Copy all lines below exactly as written. Leave pictures out.
------ Information shown ------
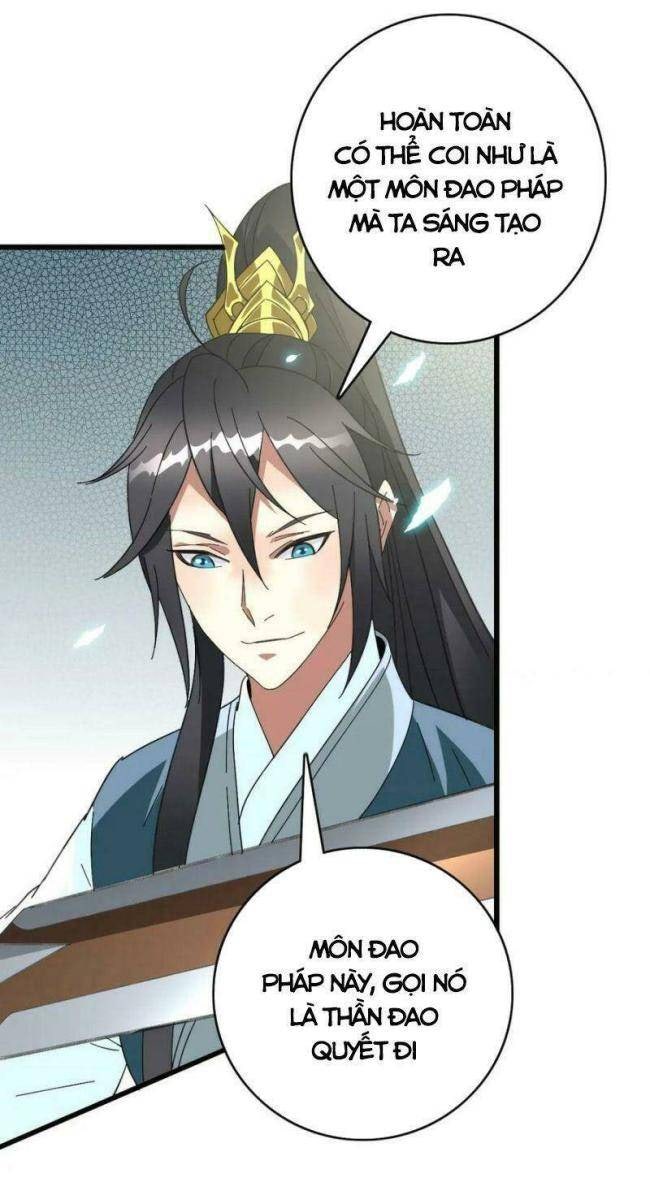 Siêu Đạo Thần Thuật - Page 42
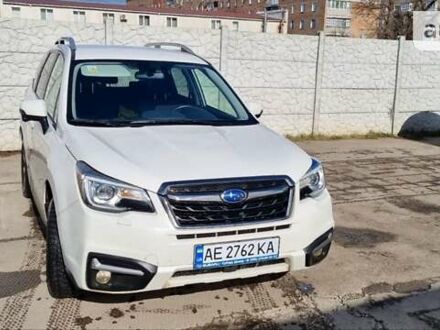 Субару Forester, об'ємом двигуна 2.5 л та пробігом 60 тис. км за 20000 $, фото 1 на Automoto.ua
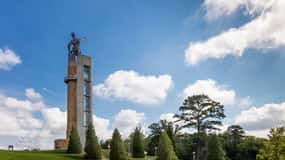 Alabama: Birmingham Area Multi-Attraction Pass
------
# Solution for this problem:
 Siêu Đạo Thần Thuật - Page 42
 Субару Forester, об'ємом двигуна 2.5 л та пробігом 60 тис. км за 20000 $, фото 1 на Automoto.ua
 Alabama: Birmingham Area Multi-Attraction Pass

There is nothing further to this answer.